Eine wichtige Gemeinsamkeit von Roman und Film ist das Leitmotiv Engel. Die Hauptgemeinsamkeit der beiden Werke aber liegt meines Erachtens im unprätentiösen Umgang mit der Geisteskrankheit Pálls. Weder im Roman noch in der Verfilmung wird sozial- bzw. gesellschaftskritisch mit der Thematik umgegangen, auch gehen weder Romanautor noch Regisseur mit den Reaktionen innerhalb Pálls Familie oder dem Pflegepersonal der Einrichtung und ihrer Behandlung der Patienten ins Gericht. Beide Medien zeigen, dass es wie unter Menschen in der normalen Welt auch in der Anstalt Ärzte und Pfleger gibt, mit denen die Patienten ein besseres Auskommen haben als mit anderen, und zu keiner Zeit werden die Zustände in Kleppur derart aussichtslos und menschenverachtend dargestellt wie in "Einer flog über das Kuckucksnest" mit Robert de Niro. Positive Momente ebenso wie Ungerechtigkeiten und Auseinandersetzungen erleben die Patienten in Kleppur gleichermaßen wie die meisten gesunden Menschen. Der Eindruck, dass weder die Anstalt noch die Außenwelt ein perfektes Leben bieten kann, wird sowohl im Roman als auch im Film vermittelt; die Botschaft aus Rögnvaldurs Feststellung "Kleppur ist überall" transportieren beide Werke.

In der Wahl Ingvar Eggerts als Darsteller des Páll manifestiert sich eine leichte Charakterverschiebung gegenüber dem Protagonisten des Romans. Friðrik þór arbeitet häufig mit dem gleichen Team an Schauspielern zusammen und sagt, dass die Besetzung der Hauptrolle für ihn von Anfang an feststand. Nach meiner persönlichen Einschätzung wäre Hilmir Snær Guðnason, der Darsteller des Pétur, eine treffendere Wahl gewesen, da er durch seine weicheren Züge und schmalere Statur empfindsamer wirkt als der vergleichsweise grobe Ingvar Eggert. Auch wenn dieser die Rolle mit all ihren Facetten zweifellos ausfüllt und glaubwürdig verkörpert, so hätte man den Poeten und Künstler in Hilmir Snær optisch stärker erkannt.

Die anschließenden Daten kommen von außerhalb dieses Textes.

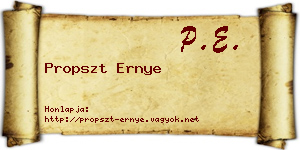 Propszt Ernye névjegykártya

Friðrik þór bedient sich der künstlerischen Freiheit, das Kind Péturs auf die Welt kommen und zum Kleinkind heranwachsen zu lassen, während Pálls kleine Geschwister nicht älter zu werden scheinen. Diese Tatsache kombiniert mit der Aussparung der Kindheit Pálls kommentiert Friðrik þór folgendermaßen: "Ich wollte damit letztlich einen zeitlosen Raum schaffen. Das Buch geht etwa von 1949 bis 1982. Ich habe die Kindheit weggelassen und so weiter, weil ich nicht wollte, dass die Leute aus dem Kino kommen und sagen: 'Aha, so lief das also damals. Gut, dass es vorbei ist.'" Damit weist er darauf hin, dass er mit dem Film an das Toleranzdenken des Zuschauers appellieren will.

Einar Már hat es als Drehbuchautor geschafft, die Aussage seines Romans trotz aller nötigen Kürzungen zu erfassen, und der Regisseur Friðrik þór setzte das Skript offensichtlich mit all seinem Herzblut filmisch um, weshalb man den Film mit wenigen Abstrichen als dem Roman ebenbürtig bezeichnen kann.